Please note that the recurring subsidy flows from the sale of power by wind and solar energy plants typically look like the interest payments that you get from traditional bonds issued by the government. This means that hedge funds and PE firms are increasing their investment into these assets. Solar Energy farms are becoming commonplace these days unlike the earlier days. It was a risky proposition with supplier, foreign exchange, capital risks etc. However, the industry is maturing and is no longer a niche exotic one. More than 10 GW of solar power farms will be built in China and almost 2 GW in USA this year. The total solar pipeline is supposed to exceed 100 GW now, with solar farms planned across countries as varied as Chile, South Africa, Morocco etc.

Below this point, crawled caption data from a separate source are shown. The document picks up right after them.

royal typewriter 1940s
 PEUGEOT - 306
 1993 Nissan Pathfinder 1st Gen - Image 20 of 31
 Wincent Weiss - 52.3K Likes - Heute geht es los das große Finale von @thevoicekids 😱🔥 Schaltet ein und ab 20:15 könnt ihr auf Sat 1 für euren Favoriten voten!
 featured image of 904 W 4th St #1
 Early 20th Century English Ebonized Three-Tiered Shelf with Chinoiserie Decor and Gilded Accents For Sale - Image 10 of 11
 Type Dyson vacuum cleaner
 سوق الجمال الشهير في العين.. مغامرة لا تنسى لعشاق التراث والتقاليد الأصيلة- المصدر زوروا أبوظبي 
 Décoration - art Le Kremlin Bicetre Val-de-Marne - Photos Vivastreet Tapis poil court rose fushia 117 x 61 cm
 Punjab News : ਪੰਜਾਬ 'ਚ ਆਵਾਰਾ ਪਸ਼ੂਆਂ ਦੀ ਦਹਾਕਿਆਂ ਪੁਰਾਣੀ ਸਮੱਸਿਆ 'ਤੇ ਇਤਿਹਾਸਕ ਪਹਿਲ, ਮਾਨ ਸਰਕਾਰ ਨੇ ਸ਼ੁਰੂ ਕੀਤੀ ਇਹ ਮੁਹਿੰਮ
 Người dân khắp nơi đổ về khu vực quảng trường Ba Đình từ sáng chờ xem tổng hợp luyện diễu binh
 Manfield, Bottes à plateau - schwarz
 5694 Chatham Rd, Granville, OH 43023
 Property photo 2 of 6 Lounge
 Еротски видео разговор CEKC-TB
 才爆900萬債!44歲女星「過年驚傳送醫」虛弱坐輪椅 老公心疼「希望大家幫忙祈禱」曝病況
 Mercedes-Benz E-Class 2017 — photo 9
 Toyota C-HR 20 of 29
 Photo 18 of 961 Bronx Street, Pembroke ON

Though the industry is maturing, risks are still considered high which means that smart investors have an opportunity to generate Alpha if they invest in the right projects. Some of the large solar energy developers are also looking to keep the best solar assets for themselves rather than selling it. SunEdison (SUNE) will soon list its solar asset subsidiary as will Jinko Solar (JKS). This will help the companies generate more value rather than selling these assets to a third party.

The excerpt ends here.